En Pologne, les mentions concernant le sok (connu principalement sous la forme so ca, oso ca) sont rares et ne permettent pas de préciser son rôle dans la procédure visant la détection des délinquants. Outre le Grand Duché de Lituanie et la Bohême, on rencontrait le sok en Dalmatie, en Serbie et surtout au Monténegro, où il fonctionnait encore dans la deuxième moitié du XIXe siècle, comme l’a constaté V. Bogisi . Il accomplissait son devoir parfois incognito pour éviter la vengeance de la part de l’accusé ou de ses parents. C’est dans ce but-là qu’on introduisit en Balkans un tiers nommé sokodržica, qui témoignait devant la cour au nom du sok, dont l’anonymat était soigneusement gardé. Comme récompense de leur besogne sok et sokodržica recevaient une somme d’argent nommé socbina, qui ressemblait beaucoup à la prosoka lituanienne. On ne connaît pas le sok en Bulgarie, Slovenie ni dans les pays des Slaves installés entre l’Oder et l’Elbe. Par contre, dans le droit anglo-saxon du IXe siècle on rencontre le soke comme terme désignant les prérogatives juridictionnelles du seigneur. Ces prérogatives consistaient en droit de pourchasser les gens ayant commis des délits sur le territoire soumis à sa domination et de les traduire devant la justice seigneuriale. Après la conquête normande, le terme sake and soke définissait l’ensemble des droits de la juridiction seigneuriale. Dans les pays scandinaves sôkn et ses dérivés désignaient l’arrondissement du thing (plus tard de la paroisse), qui était identique à celui du tribunal.

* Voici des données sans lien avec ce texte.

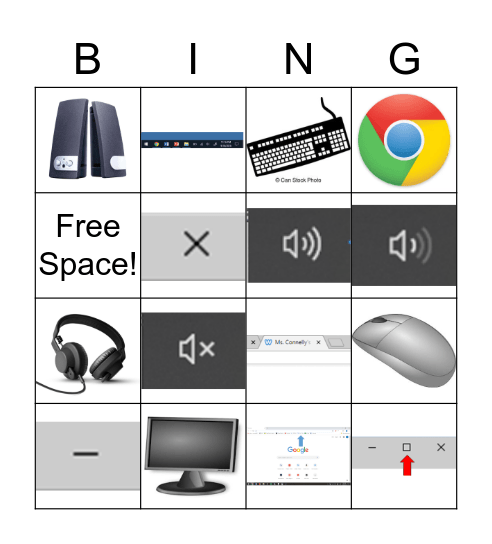 Kinder Computers Bingo Card
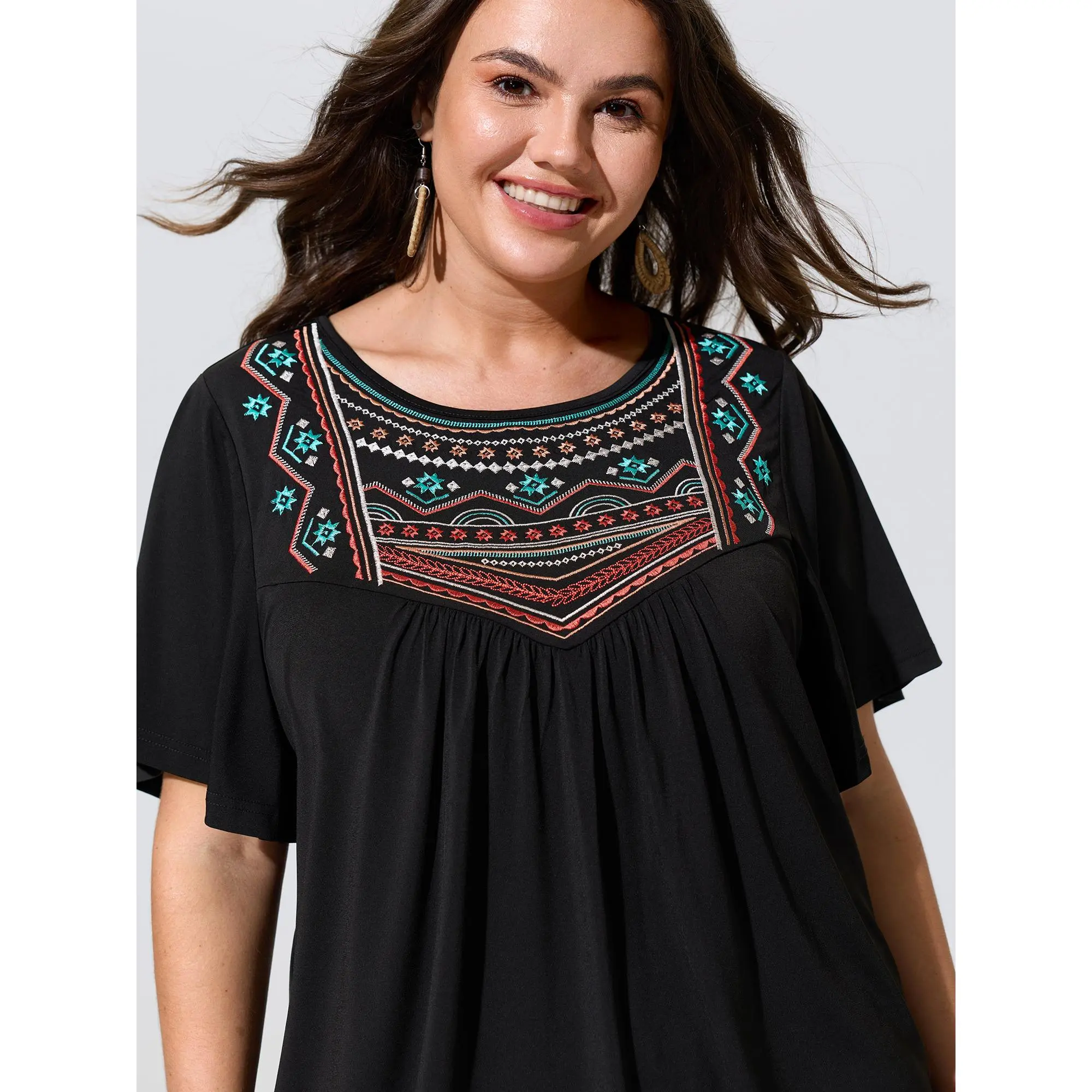 BLOOMCHIC Women's Plus Size Stretchy Spandex Geometric Embroidered Neckline Jersey Blouse - Sleeve Top, Garment for Summer Vacation Outfits [M-6X] 2026 Summer Finds, Shirts, Fabric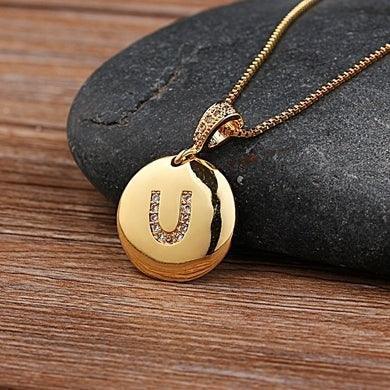 Unisex Letter Necklace Gold - Natna Shop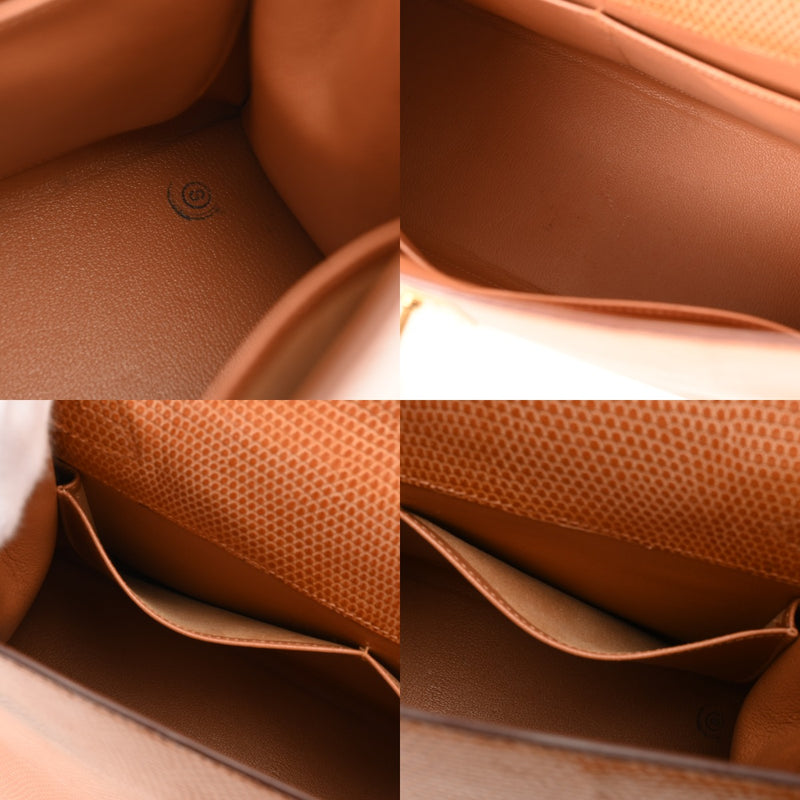 HERMES エルメス ケリー 32 外縫い ナチュラル ○X刻印(1994年頃) レディース リザード 2WAYバッグ Bランク 中古 銀蔵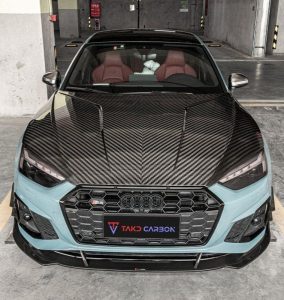 ฝากระโปรงหน้า Carbon Fiber Audi RS5 S5 A5 B9 B9.5 Fiber ทรง TAKD ปี 2017-2025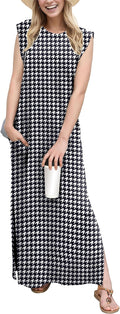 Women Year-Round Loose Maxi Dress with Pockets - Comfortable Fit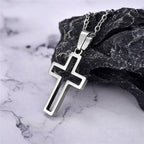 Collar Cristiano Colgante Cruz de Jesús Hombre Mujer plata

Nous arrivons à la conclusion que le sok n’était pas un phénomène exclusivement slave, mais — comme l’ont noté déjà depuis longtemps les linguistes — appartient à un cercle plus vaste, notamment au cercle germano-slave, avec cette particularité qu’après la formation de pays germaniques et slaves particuliers, il se développait dans chaque pays séparément, d’où, à part l’unité fondamentale, les différences secondaires que nous avons évoqué ici.
La procédure à laquelle participait le sok doit être conçue comme un procès mixte. Son but était non seulement la revendication des choses et des serfs enlevés, mais aussi la punition du voleur (brigand). C’est ainsi que le rôle du sok se profila surtout dans le procès avec la domination des éléments pénaux, dans lequel la personne reconnue coupable était souvent punie de la mort. Le rôle joué par le sok, qui n’ayant pas le caractère d’agent du pouvoir, agissait en résultat d’un accord avec la personne lésée témoigne, s’il en est encore besoin, de la longue survivance des éléments du self-help dans la procédure de l’époque féodale.